Fruto da contracultura, a internet renovou o sentido de democracia, cidadania e mobilização. Mas sob o peso da marginalidade digital, a rede prova que não é panacéia. Será o que fizermos dela
Em fevereiro passado, mais de 500 mil cidadãos colombianos se reuniram em Bogotá na maior marcha da história do país contra a violência das Forças Armadas Revolucionárias da Colômbia, as Farc. Outros milhares protestaram em diversas áreas do país e em outras 100 cidades mundo afora. Dois anos antes, o chefe de milícia congolês, Thomas Lubanga Dyilo, tornara-se o primeiro prisioneiro da Corte Internacional de Justiça, acusado de recrutar crianças como soldados. E, em outubro de 2007, o Conselho de Segurança da ONU condenou a repressão violenta do regime militar de Mianmar contra protestos pacíficos de monges budistas, a primeira manifestação formal do órgão sobre o conflito.

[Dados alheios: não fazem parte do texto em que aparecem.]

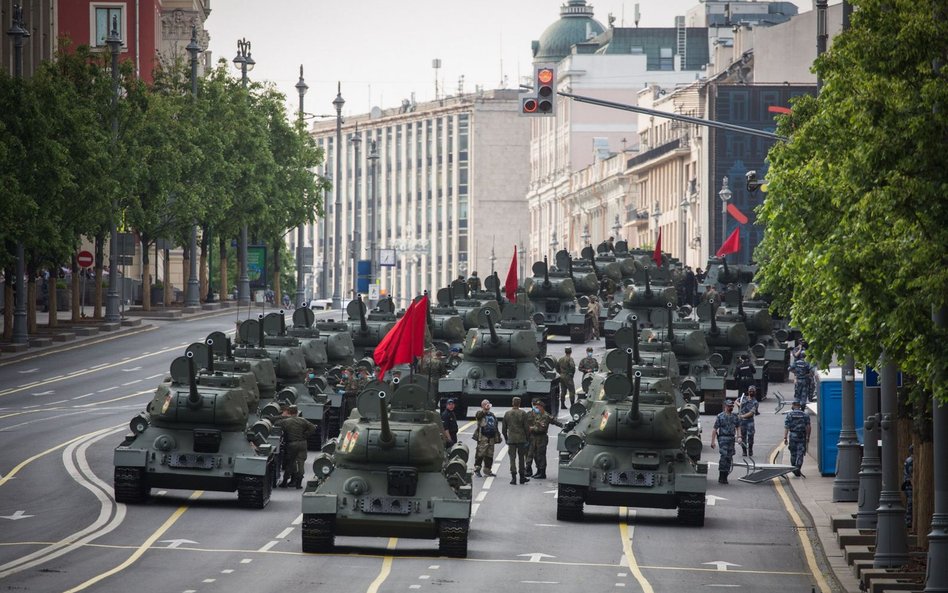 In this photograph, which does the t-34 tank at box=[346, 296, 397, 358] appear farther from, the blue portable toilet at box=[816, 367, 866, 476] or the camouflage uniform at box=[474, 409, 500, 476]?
the blue portable toilet at box=[816, 367, 866, 476]

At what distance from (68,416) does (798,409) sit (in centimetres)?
1772

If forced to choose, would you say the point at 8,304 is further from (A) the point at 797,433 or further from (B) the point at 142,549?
(B) the point at 142,549

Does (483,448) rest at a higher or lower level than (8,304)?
lower

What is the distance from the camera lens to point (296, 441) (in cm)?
3434

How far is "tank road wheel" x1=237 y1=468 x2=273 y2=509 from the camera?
106 ft

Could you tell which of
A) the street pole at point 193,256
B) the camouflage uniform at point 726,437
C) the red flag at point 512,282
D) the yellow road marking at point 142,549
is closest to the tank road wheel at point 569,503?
the camouflage uniform at point 726,437

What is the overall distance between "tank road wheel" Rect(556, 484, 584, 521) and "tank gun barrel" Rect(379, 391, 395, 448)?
4105 millimetres

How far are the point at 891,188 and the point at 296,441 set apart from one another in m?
15.2

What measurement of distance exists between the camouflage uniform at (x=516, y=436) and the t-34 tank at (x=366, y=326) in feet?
46.3

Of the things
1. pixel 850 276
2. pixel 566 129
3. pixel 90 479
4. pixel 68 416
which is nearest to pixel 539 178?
pixel 566 129

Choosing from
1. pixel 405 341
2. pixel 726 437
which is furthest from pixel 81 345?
pixel 726 437

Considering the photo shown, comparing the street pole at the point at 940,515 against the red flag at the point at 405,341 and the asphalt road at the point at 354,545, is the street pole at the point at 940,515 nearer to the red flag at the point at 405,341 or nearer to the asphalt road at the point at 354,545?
the asphalt road at the point at 354,545

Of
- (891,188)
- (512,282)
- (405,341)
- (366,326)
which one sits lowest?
(366,326)

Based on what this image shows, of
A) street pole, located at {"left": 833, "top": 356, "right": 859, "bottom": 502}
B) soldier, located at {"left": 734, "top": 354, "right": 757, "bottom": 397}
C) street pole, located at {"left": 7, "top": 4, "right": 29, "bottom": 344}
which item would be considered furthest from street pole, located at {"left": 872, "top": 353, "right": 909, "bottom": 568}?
street pole, located at {"left": 7, "top": 4, "right": 29, "bottom": 344} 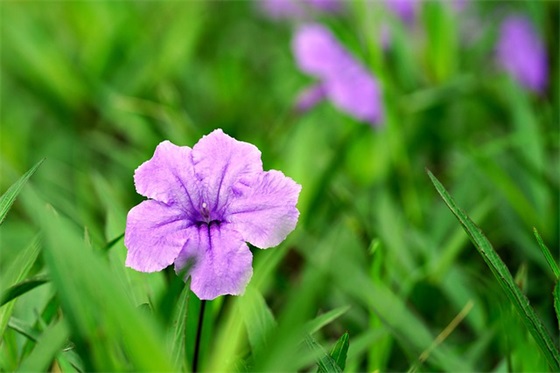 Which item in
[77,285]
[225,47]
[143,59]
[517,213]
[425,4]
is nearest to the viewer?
[77,285]

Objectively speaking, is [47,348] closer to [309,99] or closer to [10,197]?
[10,197]

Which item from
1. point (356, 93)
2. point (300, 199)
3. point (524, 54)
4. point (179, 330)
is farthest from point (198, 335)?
point (524, 54)

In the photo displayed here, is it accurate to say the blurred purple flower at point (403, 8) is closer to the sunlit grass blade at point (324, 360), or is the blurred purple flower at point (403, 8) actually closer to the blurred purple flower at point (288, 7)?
the blurred purple flower at point (288, 7)

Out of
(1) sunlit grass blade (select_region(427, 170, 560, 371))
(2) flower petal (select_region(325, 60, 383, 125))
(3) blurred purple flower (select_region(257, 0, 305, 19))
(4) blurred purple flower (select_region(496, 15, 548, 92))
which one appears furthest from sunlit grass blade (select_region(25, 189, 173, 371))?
(3) blurred purple flower (select_region(257, 0, 305, 19))

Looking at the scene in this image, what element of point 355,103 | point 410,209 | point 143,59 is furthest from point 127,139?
point 410,209

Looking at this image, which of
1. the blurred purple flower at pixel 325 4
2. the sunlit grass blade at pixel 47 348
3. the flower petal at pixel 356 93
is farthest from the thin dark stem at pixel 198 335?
the blurred purple flower at pixel 325 4

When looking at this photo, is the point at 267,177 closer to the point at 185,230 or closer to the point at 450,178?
the point at 185,230

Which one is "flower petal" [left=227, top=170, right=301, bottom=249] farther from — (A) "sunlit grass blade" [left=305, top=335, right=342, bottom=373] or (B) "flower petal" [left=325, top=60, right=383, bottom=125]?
(B) "flower petal" [left=325, top=60, right=383, bottom=125]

São fatos de uma conturbada geopolítica pós-moderna, amplamente conhecidos e aparentemente desconexos. Mas, na raiz desses acontecimentos, há algo em comum que diz muito sobre as novas formas de mobilização social na chamada “era da informação”: todos foram desencadeados por meio da internet.
Na Colômbia, tudo começou com o engenheiro Oscar Morales, que fundou um grupo de discussão sobre as Farc no site de relacionamentos Facebook, o mais popular da rede mundial. Em menos de um Unimês, 250 mil usuários se inscreveram para apoiar a causa e passaram a trocar informações que resultaram na articulação dos protestos.
Tanto a prisão de Lubanga quanto a mudança de postura da ONU em relação a Mianmar tiveram como fator decisivo a produção de vídeos para a internet com flagrantes dos crimes cometidos contra a população local. As filmagens foram publicadas no site The Hub, uma plataforma on-line para registro audiovisual de violações dos direitos humanos criada pela ONG Witness, organização que há 15 anos atua como facilitadora do uso de novas tecnologias no combate a crimes contra a humanidade. Uma vez na rede, os vídeos se difundiram como rastilho de pólvora, criando um escândalo internacional.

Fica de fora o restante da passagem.